Tra i protagonisti della vicenda ce n’è uno che colpisce più degli altri: Barack Obama. Se è vero che George W. Bush ha dato il via ai «Giochi olimpici», il presidente democratico ha trasformato un esperimento in prassi: «Ha ridotto le armi “convenzionali” – spiega Gibney – ma è stato molto peggio di Bush in materia di guerra informatica e segretezza militare. Bisogna dargli atto che piuttosto che permettere agli israeliani di bombardare l’Iran, ha agevolato la mediazione.
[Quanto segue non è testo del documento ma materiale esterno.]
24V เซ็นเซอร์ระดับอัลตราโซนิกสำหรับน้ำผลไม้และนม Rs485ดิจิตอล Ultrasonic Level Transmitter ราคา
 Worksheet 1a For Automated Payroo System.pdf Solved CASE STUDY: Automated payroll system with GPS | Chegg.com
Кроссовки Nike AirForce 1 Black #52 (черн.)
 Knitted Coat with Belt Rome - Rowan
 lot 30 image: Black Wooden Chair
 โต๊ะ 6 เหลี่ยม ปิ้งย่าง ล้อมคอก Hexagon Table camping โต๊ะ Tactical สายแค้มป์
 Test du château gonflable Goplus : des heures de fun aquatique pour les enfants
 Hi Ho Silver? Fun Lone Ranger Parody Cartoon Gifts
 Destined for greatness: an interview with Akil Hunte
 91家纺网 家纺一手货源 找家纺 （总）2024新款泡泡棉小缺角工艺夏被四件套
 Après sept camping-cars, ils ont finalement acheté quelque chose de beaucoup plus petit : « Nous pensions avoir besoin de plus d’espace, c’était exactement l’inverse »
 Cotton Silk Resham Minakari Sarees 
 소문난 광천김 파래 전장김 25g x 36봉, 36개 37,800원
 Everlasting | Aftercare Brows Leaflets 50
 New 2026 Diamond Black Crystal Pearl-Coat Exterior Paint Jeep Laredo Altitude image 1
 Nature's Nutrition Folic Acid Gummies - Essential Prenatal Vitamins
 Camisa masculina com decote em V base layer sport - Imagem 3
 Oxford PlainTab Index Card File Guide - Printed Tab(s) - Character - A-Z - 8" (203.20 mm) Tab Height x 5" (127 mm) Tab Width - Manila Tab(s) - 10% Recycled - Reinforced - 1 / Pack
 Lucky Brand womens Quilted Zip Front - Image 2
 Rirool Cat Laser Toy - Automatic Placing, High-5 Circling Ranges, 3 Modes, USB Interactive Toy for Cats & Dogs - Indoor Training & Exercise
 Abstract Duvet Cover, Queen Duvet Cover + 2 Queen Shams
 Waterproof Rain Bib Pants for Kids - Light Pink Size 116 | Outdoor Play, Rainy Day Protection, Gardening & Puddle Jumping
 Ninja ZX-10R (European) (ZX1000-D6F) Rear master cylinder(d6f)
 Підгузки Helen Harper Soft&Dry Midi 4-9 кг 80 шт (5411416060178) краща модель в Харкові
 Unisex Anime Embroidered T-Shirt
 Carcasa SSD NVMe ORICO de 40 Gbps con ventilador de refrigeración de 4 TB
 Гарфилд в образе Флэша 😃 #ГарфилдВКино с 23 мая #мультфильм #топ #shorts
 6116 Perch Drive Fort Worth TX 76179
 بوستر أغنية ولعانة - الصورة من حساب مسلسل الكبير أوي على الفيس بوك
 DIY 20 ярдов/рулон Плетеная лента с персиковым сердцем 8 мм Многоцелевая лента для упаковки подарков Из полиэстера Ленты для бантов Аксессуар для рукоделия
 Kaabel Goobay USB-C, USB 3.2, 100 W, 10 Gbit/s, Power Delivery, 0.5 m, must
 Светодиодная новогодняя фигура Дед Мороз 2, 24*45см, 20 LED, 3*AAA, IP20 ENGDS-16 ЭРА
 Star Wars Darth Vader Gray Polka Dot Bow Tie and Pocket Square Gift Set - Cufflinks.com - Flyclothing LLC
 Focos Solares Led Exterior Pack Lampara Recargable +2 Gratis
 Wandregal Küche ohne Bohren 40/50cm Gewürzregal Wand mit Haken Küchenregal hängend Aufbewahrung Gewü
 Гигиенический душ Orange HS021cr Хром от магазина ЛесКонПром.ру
Eppure non riesco a dimenticare che, mentre firmava l’accordo, sapeva che avrebbe potuto far saltare in aria una nazione intera con un click».
C’è da dire che Obama, a differenza di Bush, è il vero presidente dell’era digitale, il primo con il dovere di trovare una giusta misura tra la sicurezza e la privacy dei cittadini. «Eppure – ammonisce Gibney – hanno rischiato di mettere in pericolo le vite dei cittadini».
In un passaggio del documentario Sean McGurk, ex direttore del Dipartimento per la sicurezza nazionale, afferma che ha cercato di «proteggere gli Stati Uniti da Stuxnet». «Vuol dire – sintetizza Gibney – doverci proteggere da noi stessi».